A long running dispute before the Singapore courts recently came to an abrupt and unresolved end when the Singapore Court of Appeal decided that parties had to resolve their dispute in arbitration instead.
The case of Burgundy Global Exploration Corp v Transocean Offshore International Ventures Ltd and another appeal [2014] SGCA 24 demonstrates the pitfalls of having separate but related contracts governed by different dispute resolution clauses.
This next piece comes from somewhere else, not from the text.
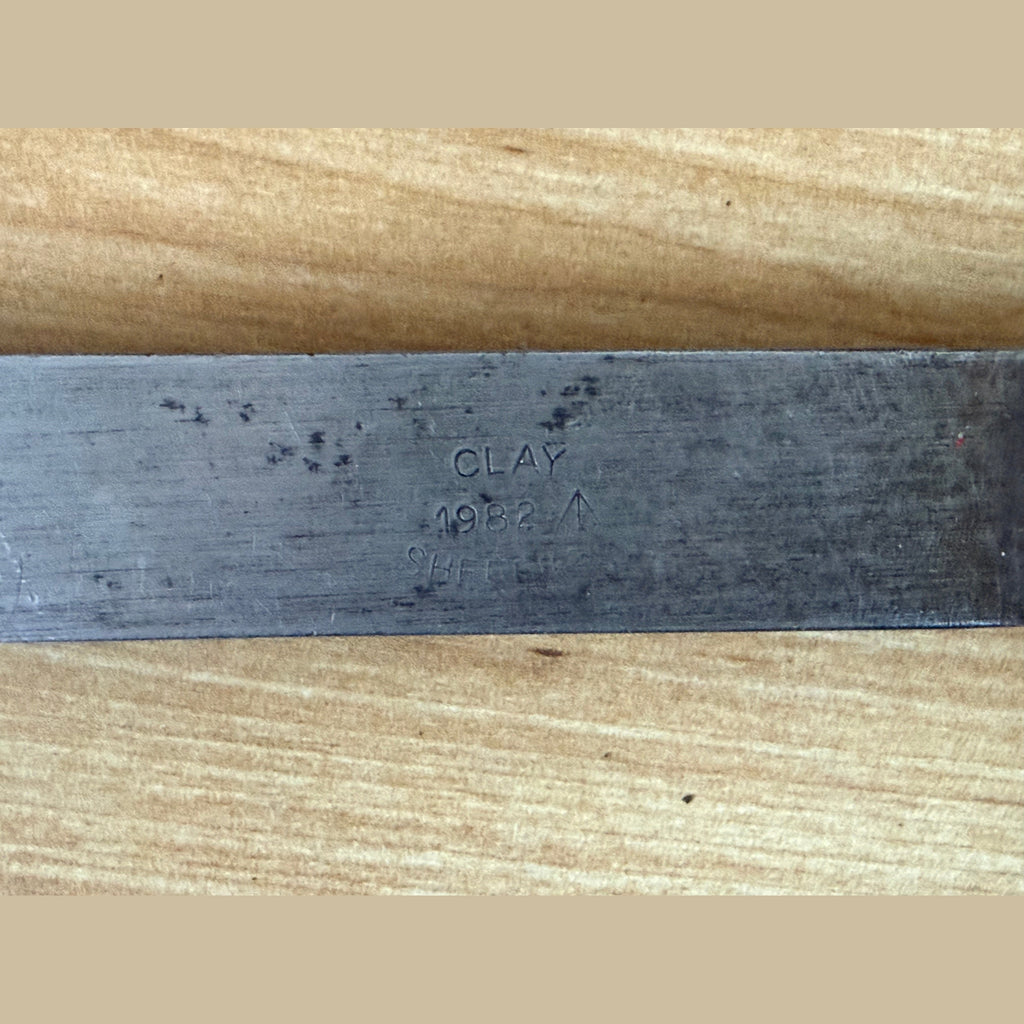 Vintage turnscrew collection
The appellant, Burgundy Global Exploration Corp (“Burgundy”), brought 2 appeals before the Court of Appeal. This post will only discuss the appeal in respect of the two interrelated contracts with different dispute resolution clauses – one stipulating arbitration and the other, the Singapore courts.
Facts of the case
Background to the dispute
Burgundy is a Philippines company engaged in the business of exploring and developing oil and gas resources in the Philippines. The Respondent, Transocean Offshore International Ventures Ltd (“Transocean”), is a company which supplies mobile offshore drilling units and provides drilling services for oil and natural gas reserves.
Under an offshore drilling contract and a novation agreement (collectively, the “Drilling Contract”), Transocean agreed to supply a semi-submersible drilling rig and provide offshore drilling services to Burgundy. Article XI of the Drilling Contract provided that Burgundy and Transocean were to enter into an escrow agreement (the “Escrow Agreement”). The Escrow Agreement required Burgundy to deposit certain amounts into an escrow account, failing which Transocean would be entitled to terminate the Drilling Contract. The Drilling Contract was governed by an arbitration agreement while the Escrow Agreement was governed by a jurisdiction clause in favour of the Singapore courts.
Burgundy failed to make the initial deposit into the escrow account. Transocean accordingly exercised its right to terminate the Drilling Contract.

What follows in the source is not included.